··· Task material ···
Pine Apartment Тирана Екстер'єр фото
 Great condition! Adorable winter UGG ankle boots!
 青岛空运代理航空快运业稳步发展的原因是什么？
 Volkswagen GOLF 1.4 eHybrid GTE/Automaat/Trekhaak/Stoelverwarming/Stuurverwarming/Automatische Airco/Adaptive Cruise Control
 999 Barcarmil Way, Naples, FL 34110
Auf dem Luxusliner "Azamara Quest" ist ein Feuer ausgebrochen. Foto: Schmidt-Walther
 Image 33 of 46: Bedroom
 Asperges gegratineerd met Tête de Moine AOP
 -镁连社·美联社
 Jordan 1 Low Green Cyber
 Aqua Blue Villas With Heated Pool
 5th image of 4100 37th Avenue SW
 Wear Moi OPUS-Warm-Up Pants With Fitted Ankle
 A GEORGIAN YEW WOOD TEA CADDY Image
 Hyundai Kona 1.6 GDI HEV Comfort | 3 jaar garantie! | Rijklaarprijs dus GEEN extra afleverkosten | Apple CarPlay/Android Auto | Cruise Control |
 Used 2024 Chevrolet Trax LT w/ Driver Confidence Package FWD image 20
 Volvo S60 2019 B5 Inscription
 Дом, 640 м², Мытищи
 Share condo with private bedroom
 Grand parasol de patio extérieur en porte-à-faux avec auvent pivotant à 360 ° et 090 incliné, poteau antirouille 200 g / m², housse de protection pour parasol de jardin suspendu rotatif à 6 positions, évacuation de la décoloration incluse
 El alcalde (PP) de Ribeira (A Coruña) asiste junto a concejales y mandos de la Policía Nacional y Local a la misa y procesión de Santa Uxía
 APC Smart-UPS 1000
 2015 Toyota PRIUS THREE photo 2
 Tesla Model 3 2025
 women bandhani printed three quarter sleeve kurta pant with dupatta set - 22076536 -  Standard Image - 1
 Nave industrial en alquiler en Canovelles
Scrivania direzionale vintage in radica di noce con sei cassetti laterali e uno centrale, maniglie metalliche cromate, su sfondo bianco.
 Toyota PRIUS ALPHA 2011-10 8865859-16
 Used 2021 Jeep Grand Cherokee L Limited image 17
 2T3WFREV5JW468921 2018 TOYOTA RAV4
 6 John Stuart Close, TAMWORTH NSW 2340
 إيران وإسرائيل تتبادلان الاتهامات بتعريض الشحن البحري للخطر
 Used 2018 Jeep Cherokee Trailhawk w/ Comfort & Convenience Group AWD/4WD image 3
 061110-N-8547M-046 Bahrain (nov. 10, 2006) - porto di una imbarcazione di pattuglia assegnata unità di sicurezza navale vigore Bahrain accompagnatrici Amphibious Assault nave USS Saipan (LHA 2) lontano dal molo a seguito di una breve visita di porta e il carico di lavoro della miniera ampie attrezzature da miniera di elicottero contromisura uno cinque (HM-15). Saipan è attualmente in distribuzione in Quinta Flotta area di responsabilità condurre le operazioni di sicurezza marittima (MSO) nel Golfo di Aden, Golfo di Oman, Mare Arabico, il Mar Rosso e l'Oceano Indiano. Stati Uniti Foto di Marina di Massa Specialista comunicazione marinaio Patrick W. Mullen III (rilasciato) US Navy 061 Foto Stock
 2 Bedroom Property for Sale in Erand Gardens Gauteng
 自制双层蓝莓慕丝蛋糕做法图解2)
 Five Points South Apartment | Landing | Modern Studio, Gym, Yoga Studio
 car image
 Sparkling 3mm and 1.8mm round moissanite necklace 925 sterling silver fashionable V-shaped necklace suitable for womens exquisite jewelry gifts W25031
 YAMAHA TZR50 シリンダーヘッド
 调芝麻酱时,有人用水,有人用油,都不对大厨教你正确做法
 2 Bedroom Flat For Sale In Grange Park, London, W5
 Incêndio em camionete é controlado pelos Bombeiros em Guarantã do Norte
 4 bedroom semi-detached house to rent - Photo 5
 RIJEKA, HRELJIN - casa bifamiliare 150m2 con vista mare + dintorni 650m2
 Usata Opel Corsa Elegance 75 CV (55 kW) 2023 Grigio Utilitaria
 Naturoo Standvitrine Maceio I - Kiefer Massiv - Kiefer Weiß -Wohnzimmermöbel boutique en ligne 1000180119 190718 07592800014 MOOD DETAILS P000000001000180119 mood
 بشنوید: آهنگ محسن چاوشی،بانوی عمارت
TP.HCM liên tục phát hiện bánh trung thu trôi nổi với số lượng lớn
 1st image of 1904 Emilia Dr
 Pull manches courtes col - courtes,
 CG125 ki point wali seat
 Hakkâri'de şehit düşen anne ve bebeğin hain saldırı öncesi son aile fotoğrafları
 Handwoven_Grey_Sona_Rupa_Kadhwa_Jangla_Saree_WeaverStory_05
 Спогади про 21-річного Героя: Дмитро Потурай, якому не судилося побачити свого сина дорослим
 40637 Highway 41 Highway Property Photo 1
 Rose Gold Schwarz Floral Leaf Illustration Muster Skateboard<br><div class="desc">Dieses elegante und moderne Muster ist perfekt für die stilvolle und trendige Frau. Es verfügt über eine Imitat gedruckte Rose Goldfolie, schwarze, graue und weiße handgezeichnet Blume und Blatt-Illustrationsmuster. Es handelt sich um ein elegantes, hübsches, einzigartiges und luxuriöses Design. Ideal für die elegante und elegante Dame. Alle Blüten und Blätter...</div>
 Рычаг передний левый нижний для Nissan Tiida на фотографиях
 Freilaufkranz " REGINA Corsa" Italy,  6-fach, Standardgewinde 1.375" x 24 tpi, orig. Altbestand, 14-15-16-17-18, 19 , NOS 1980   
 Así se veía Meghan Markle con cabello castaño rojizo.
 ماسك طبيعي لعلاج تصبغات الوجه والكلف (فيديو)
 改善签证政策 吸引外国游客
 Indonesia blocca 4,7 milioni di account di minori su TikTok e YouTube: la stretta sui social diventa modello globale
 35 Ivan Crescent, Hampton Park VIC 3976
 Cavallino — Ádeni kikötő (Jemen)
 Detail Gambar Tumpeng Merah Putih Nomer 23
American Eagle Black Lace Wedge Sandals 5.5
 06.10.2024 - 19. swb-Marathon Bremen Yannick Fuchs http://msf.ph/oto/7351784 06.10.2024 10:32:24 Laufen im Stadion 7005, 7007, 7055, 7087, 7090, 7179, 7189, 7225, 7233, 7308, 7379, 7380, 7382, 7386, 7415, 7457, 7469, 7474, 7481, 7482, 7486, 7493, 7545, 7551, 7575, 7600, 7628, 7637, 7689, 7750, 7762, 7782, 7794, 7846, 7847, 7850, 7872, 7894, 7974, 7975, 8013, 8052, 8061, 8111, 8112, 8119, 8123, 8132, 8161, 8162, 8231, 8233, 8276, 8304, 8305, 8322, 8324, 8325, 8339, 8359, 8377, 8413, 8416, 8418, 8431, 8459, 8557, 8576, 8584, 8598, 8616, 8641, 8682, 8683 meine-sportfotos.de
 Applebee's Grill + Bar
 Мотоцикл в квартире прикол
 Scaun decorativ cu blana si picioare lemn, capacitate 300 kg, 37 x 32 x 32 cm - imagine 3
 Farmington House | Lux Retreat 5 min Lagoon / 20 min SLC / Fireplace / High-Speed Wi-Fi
···
§ **Task objective**
Go through the material and tally every line where "Jeep" appears. The number is the whole answer.

§ **Reply to the task**
2